*Exercise*
Only one span is wanted from the lines below: from the one with "BAGAIL 8 Teilige" up to and including the one with "Imagem sobre ofertas". Copy it exactly, without images.
===== Extracted records =====
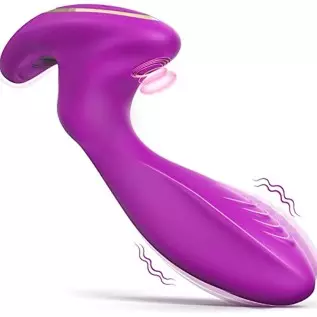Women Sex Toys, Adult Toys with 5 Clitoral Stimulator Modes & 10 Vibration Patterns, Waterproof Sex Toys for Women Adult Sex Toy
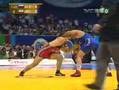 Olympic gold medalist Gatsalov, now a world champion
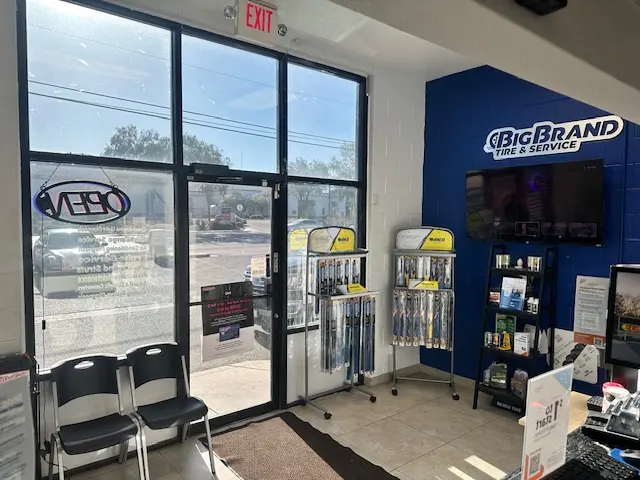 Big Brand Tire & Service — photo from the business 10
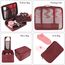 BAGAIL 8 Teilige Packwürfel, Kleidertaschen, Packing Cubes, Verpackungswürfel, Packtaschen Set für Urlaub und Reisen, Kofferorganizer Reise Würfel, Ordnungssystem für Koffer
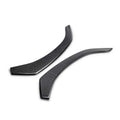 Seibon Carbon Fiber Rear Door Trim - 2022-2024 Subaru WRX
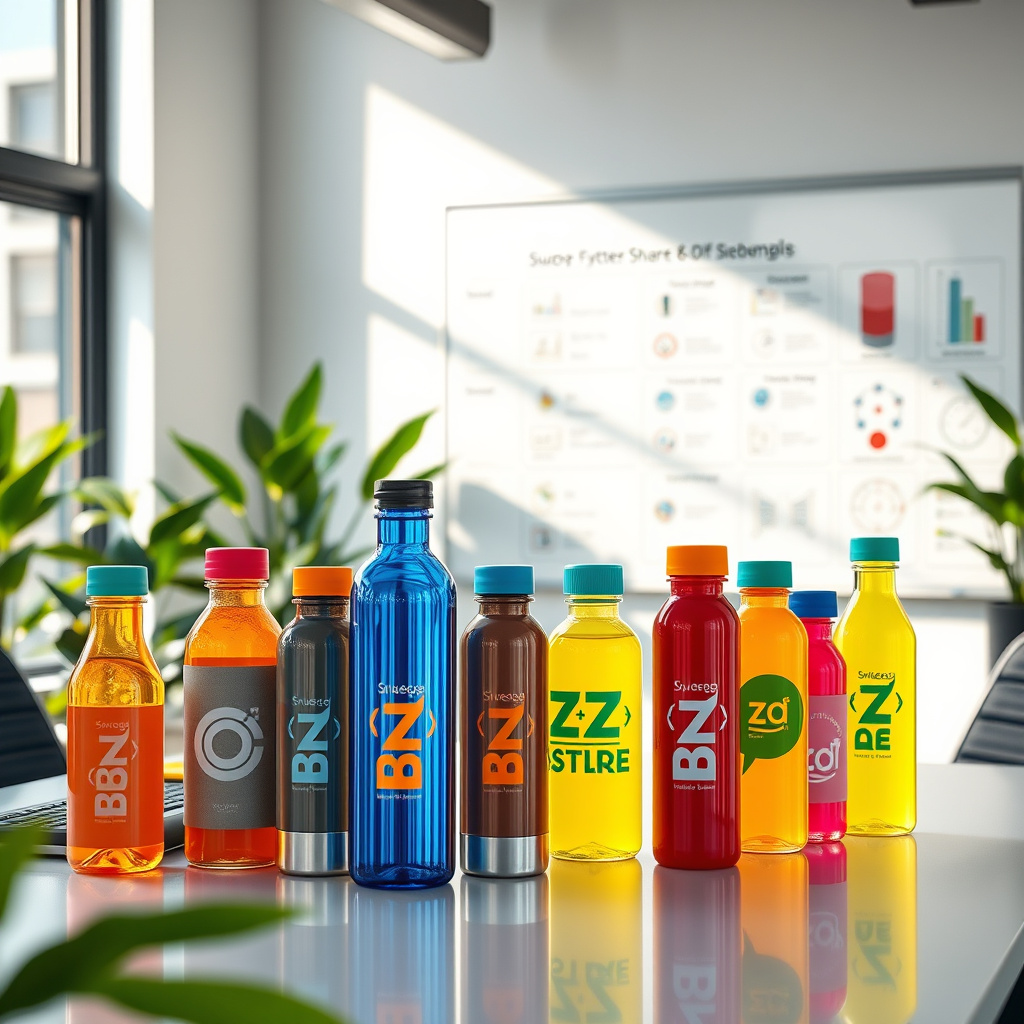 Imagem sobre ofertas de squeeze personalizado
=====
===== Extracted records =====
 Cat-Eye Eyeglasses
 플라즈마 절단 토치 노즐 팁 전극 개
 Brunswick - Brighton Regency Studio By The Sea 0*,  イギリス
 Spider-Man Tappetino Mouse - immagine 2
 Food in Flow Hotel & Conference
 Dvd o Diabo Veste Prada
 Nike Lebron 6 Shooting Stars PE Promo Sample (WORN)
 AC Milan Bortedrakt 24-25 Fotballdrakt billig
=====
*Exercise result*
 BAGAIL 8 Teilige Packwürfel, Kleidertaschen, Packing Cubes, Verpackungswürfel, Packtaschen Set für Urlaub und Reisen, Kofferorganizer Reise Würfel, Ordnungssystem für Koffer
 Seibon Carbon Fiber Rear Door Trim - 2022-2024 Subaru WRX
 Imagem sobre ofertas de squeeze personalizado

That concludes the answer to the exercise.